- From: Aryeh Gregor <Simetrical+w3c@gmail.com>
- Date: Tue, 27 Oct 2009 22:10:45 -0400
On Tue, Oct 27, 2009 at 7:40 PM, Kit Grose <kit at iqmultimedia.com.au> wrote: > Can I get some sort of an understanding on why this behaviour (non- > descript error in supported UAs rather than using the fallback content > that can provide alternate access methods) would be preferred? Suppose browsers fell back to the contents if they couldn't play any of the sources. Then what happens if the browser isn't sure whether it can play a video until it's started loading it? This would be extremely common -- it would happen any time the source is given with src="", or if <source> elements are given with no type="", or even if there was a type="" but the browser wasn't sure it supported the exact versions or didn't fully trust the author or whatnot.
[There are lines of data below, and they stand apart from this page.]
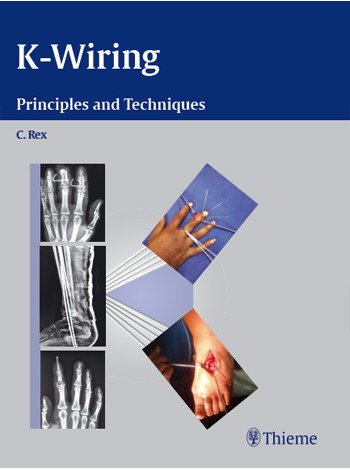 K-Wiring: Principles And Techniques 1/E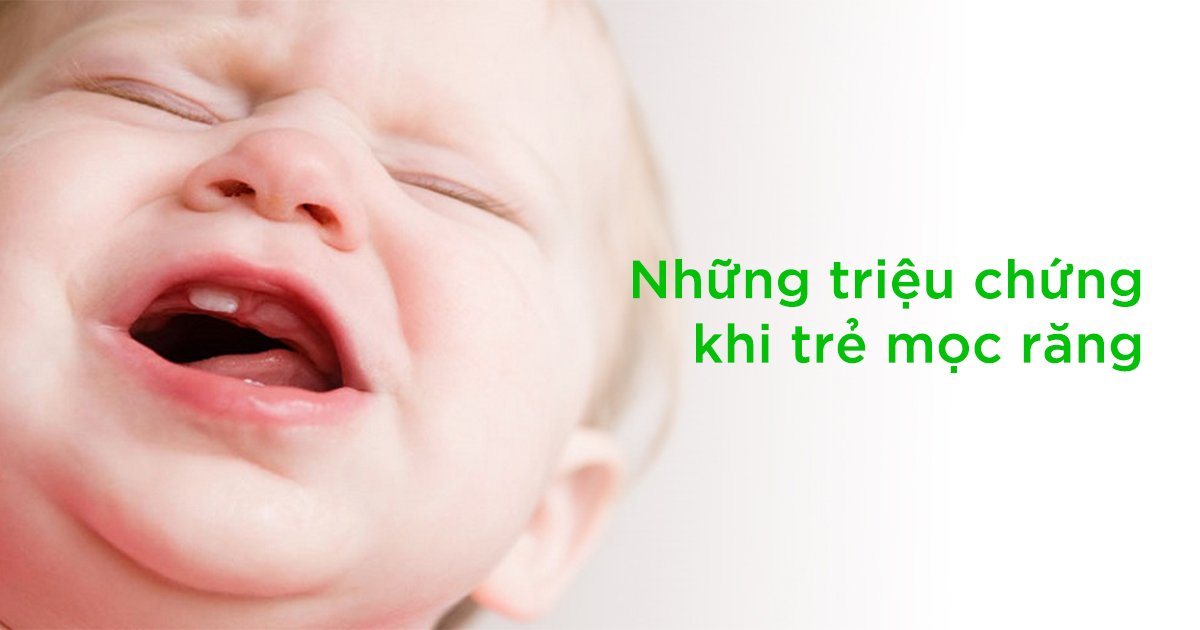 Những triệu chứng khi trẻ mọc răng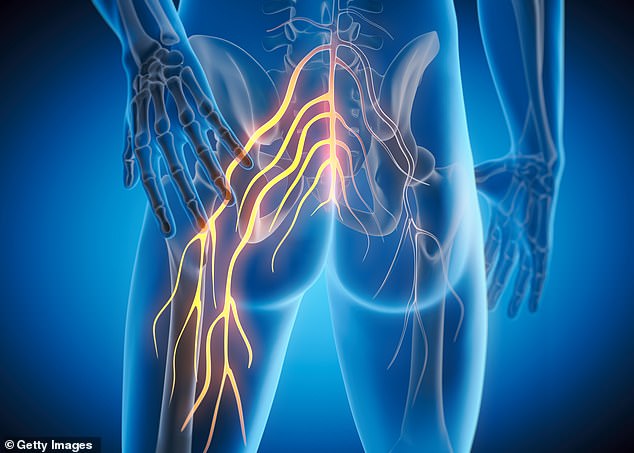 Sciatica occurs when the roots of the sciatic nerve ¿ which runs from the lower back down through the hips and legs ¿ become inflamed or compressed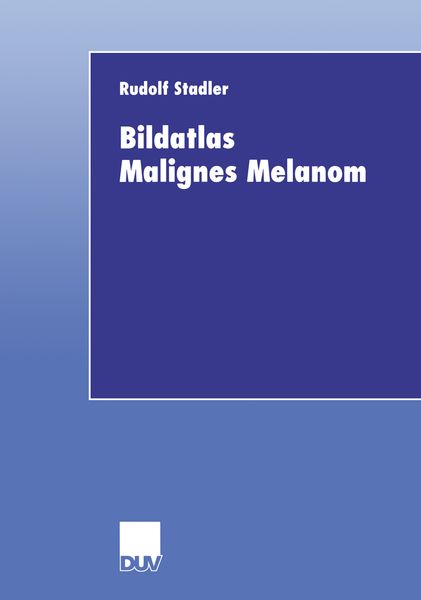 Produktbild: Bildatlas Malignes Melanom
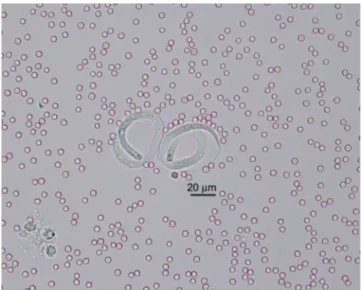 TABLE 2:   Blood analysis of three animals infected with  Parafilaria  bovicola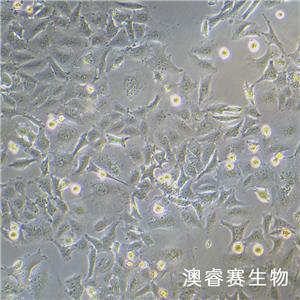 KYSE-520（人食管鱗癌細胞）,KYSE-520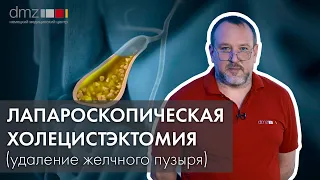 Холецистэктомия: единственный способ лечения желчнокаменной болезни и холецистита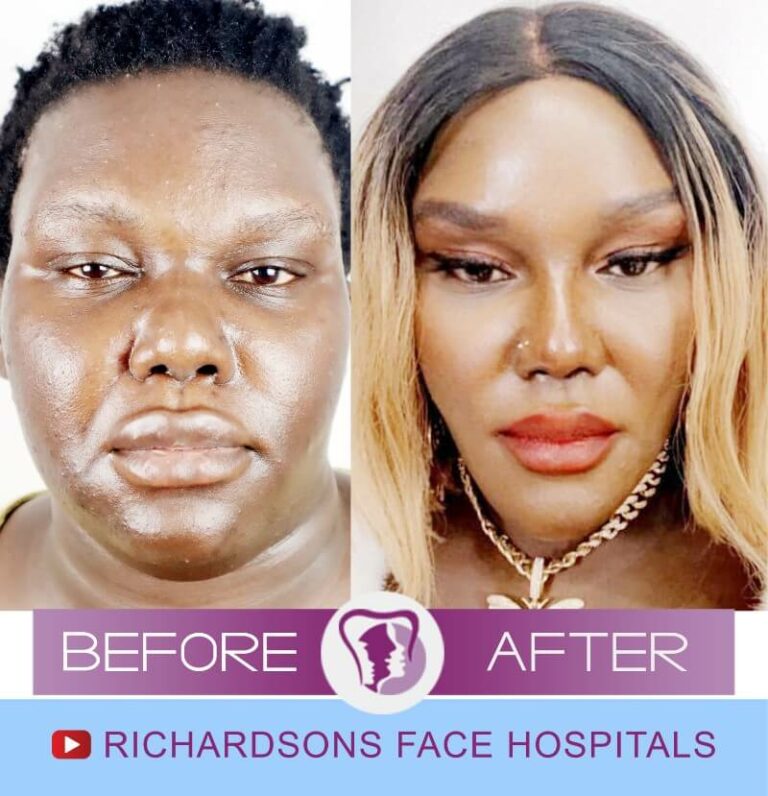 Four Things No One Told You About Complete Face Change Plastic Surgery
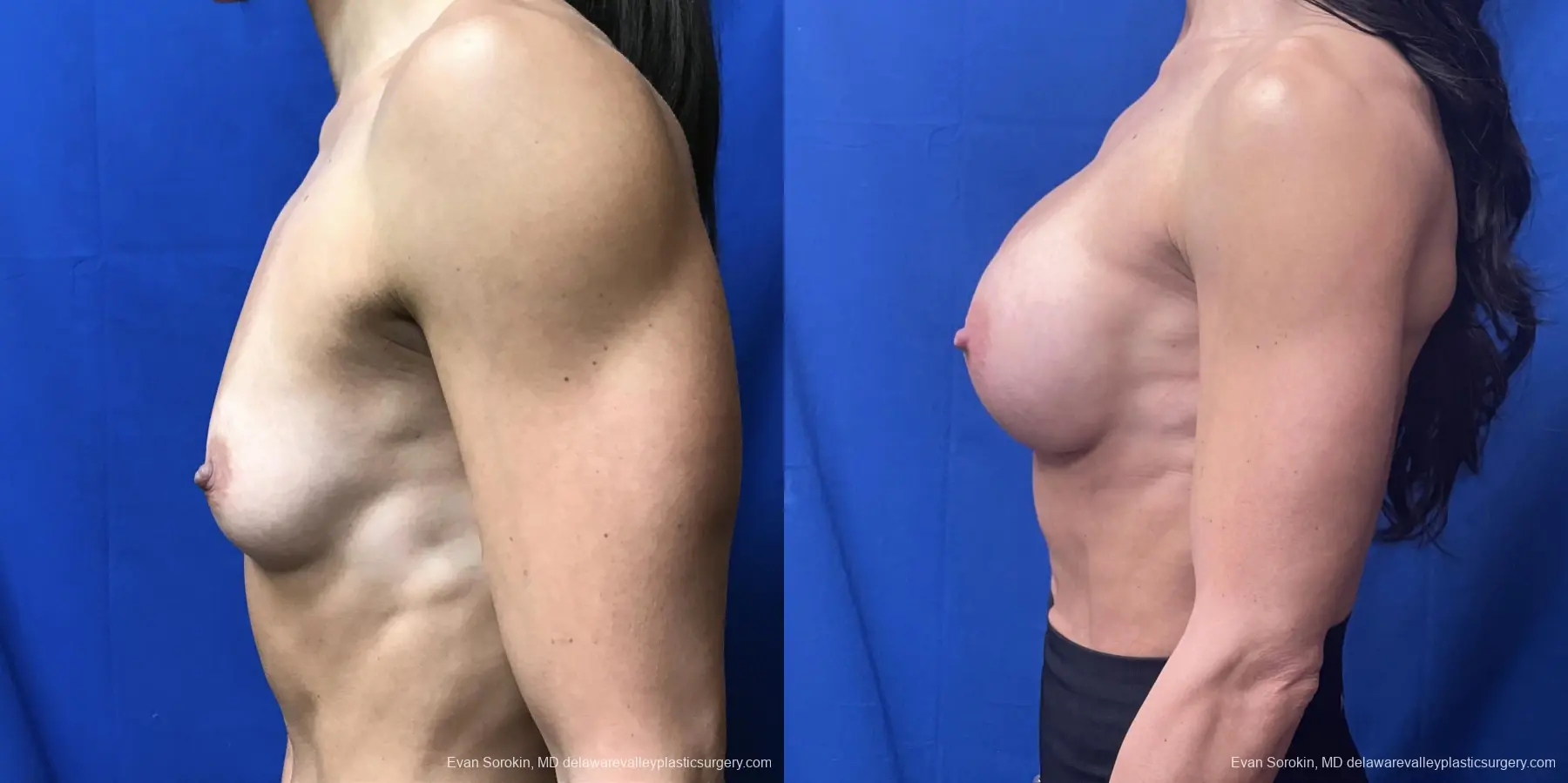 Breast Augmentation: Patient 189 - Before and After 3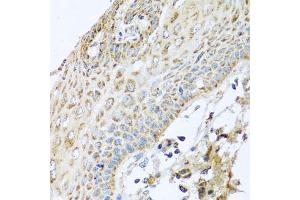 Immunohistochemistry of paraffin-embedded human esophagus using NDUFA2 antibody (ABIN5974497) at dilution of 1/100 (40x lens). (NDUFA2 Antikörper)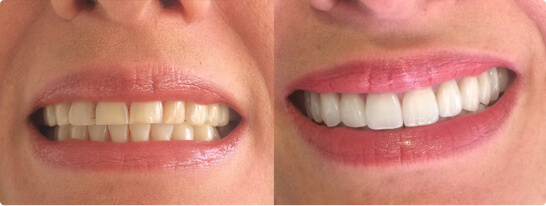antes - despues Clínica Dentointegral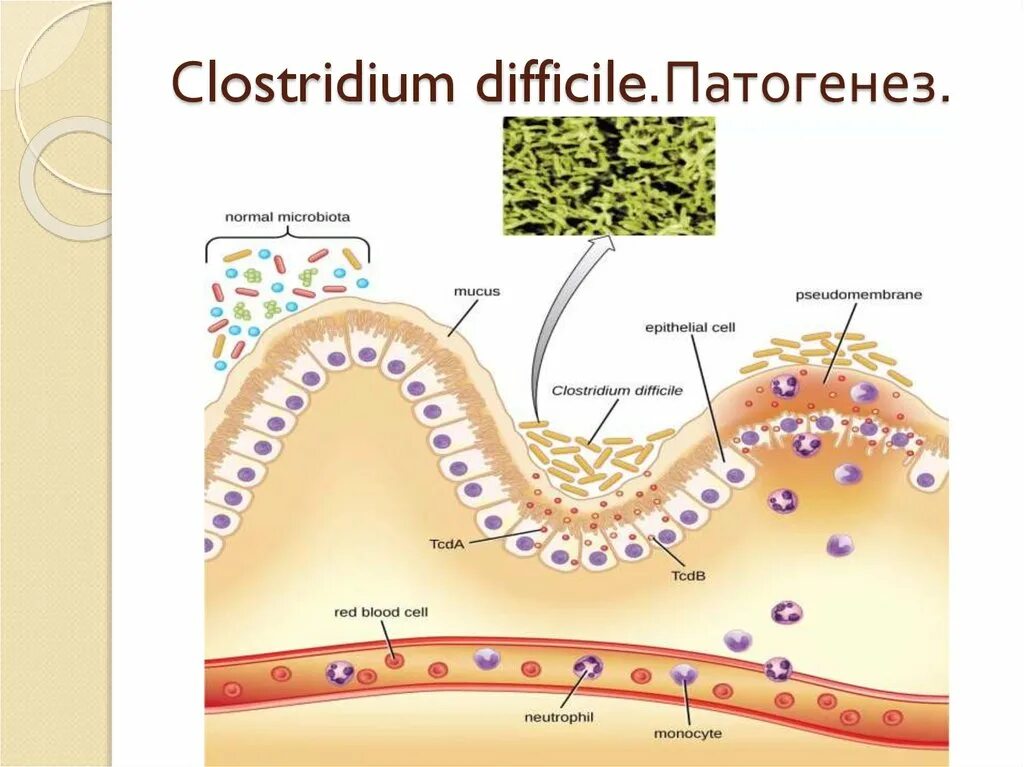 Clostridium difficile что это. Токсин клостридии диффициле. Клостридия диффициле патогенез. Токсины клостридиум диффициле.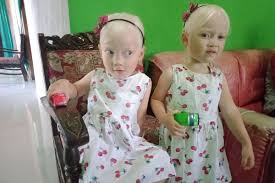 Novel ini mengangkat tema yaitu petualan. Anak Kembar Albino Di Wonogiri Viral Banyak Yang Datang Ke Rumah Untuk Foto Solopos Com
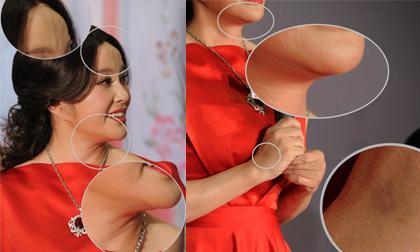 Lưu Hiểu Khánh lộ nếp nhăn và vết bầm khó hiểu trên tay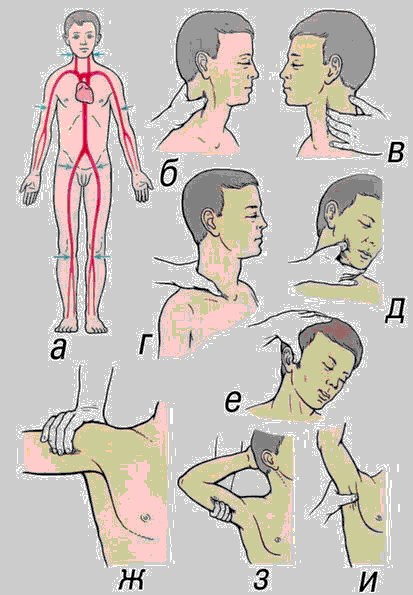 First Aid or how to wait for an Ambulance-16 - Harness, First aid, Bleeding, Longpost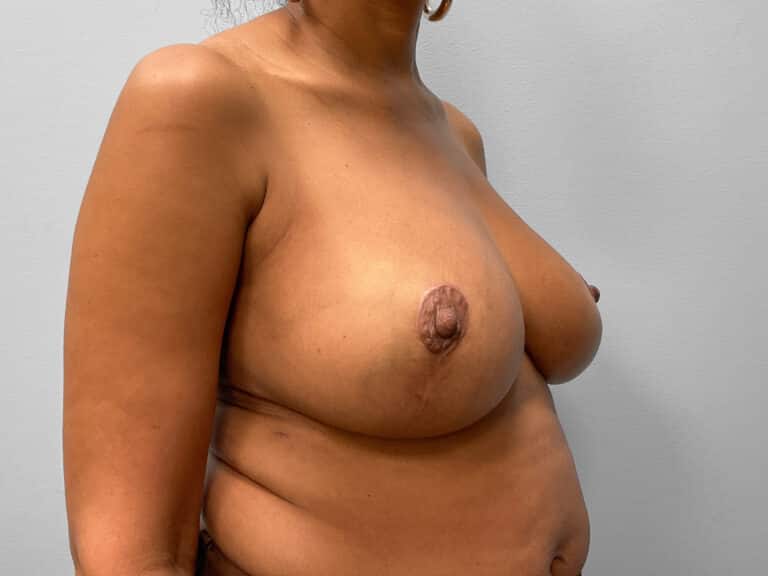 After Image: Breast Reduction – Dr. Tucker - right-front-oblique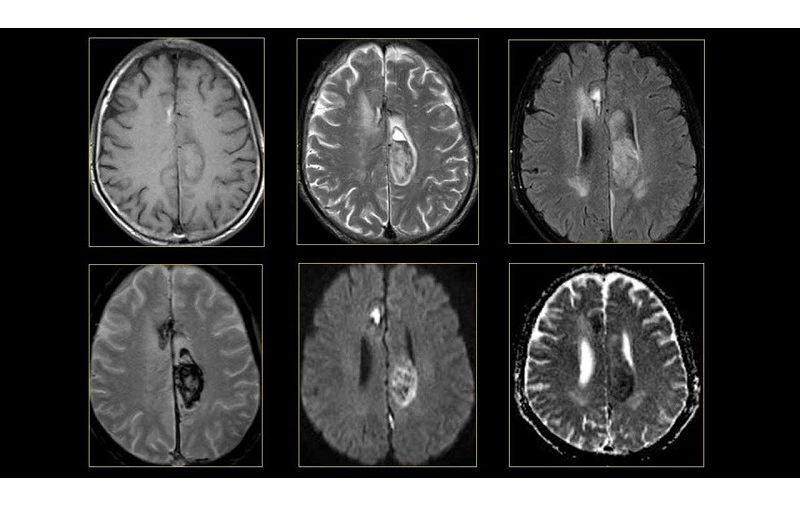 chụp MRI
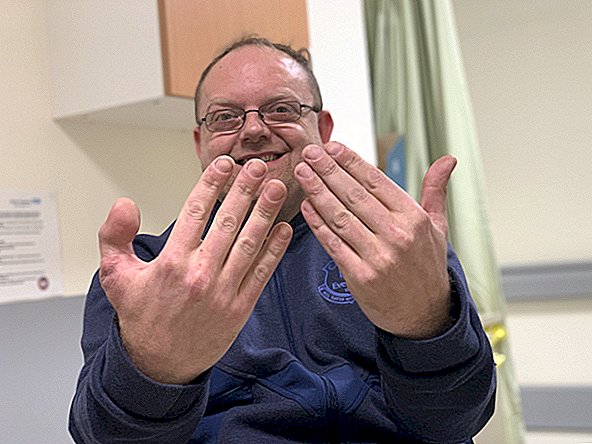 Dalam operasi yang jarang terjadi, rumah sakit menukar ibu jari yang hilang dengan jempol kaki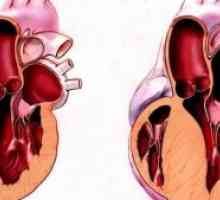Хипертрофична кардиомиопатија: Третман, симптомите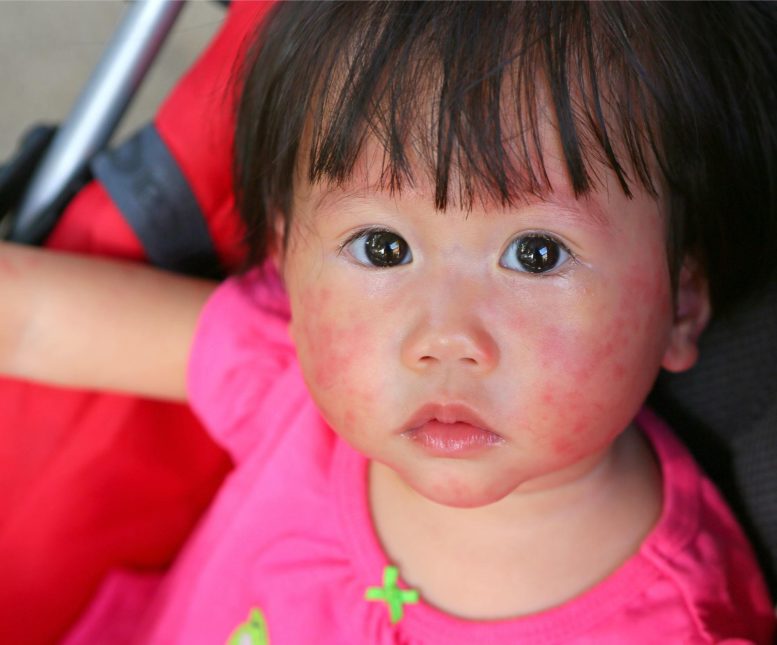 Face Rash Eczema Young Child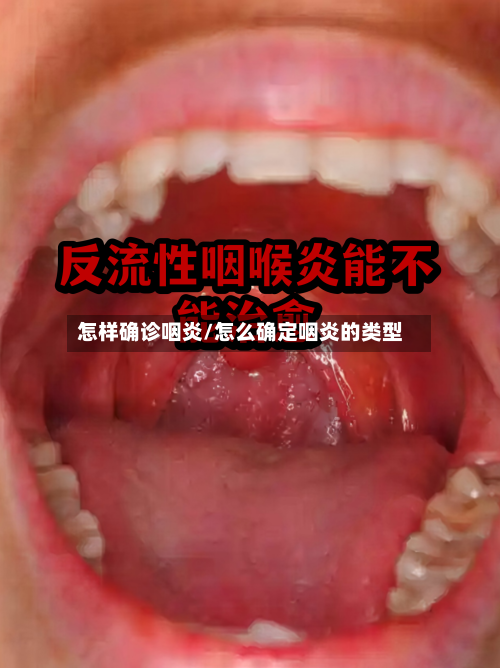 怎样确诊咽炎/怎么确定咽炎的类型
Then does the browser not load the contents until it figures out it can't play the video, then load the contents at some undefined later time? So scripts execute out of order and so on? Or should the browser be forced to block further rendering of the page until it knows for sure whether it can play one of the videos? This might require it to fetch the metadata of several videos, probably slowing down page load considerably. This is a bad solution as well, especially since in the long term, one would hope that some baseline format would be supported by all major browsers and provided by all pages, so the forced wait would usually be pointless. If you suggest requiring type="", and forcing browsers to guess whether they support the video based on that, what happens if the browser guesses yes and it turns out not to be able to play the video after all? Then you're back to the same unpredictable injection of content post-load. This is not even mentioning what happens if the list of <source> elements changes after page load. That could probably be handled. But the above problems are pretty hard to avoid, as far as I can tell. So for now, you have to either double-encode or rely on JavaScript. If this is too much of a sacrifice for you, then you should probably wait a few years before you start using <video>, until support is better -- for most authors it probably won't be pragmatically worth it until <video> support is so good that fallback isn't necessary anymore.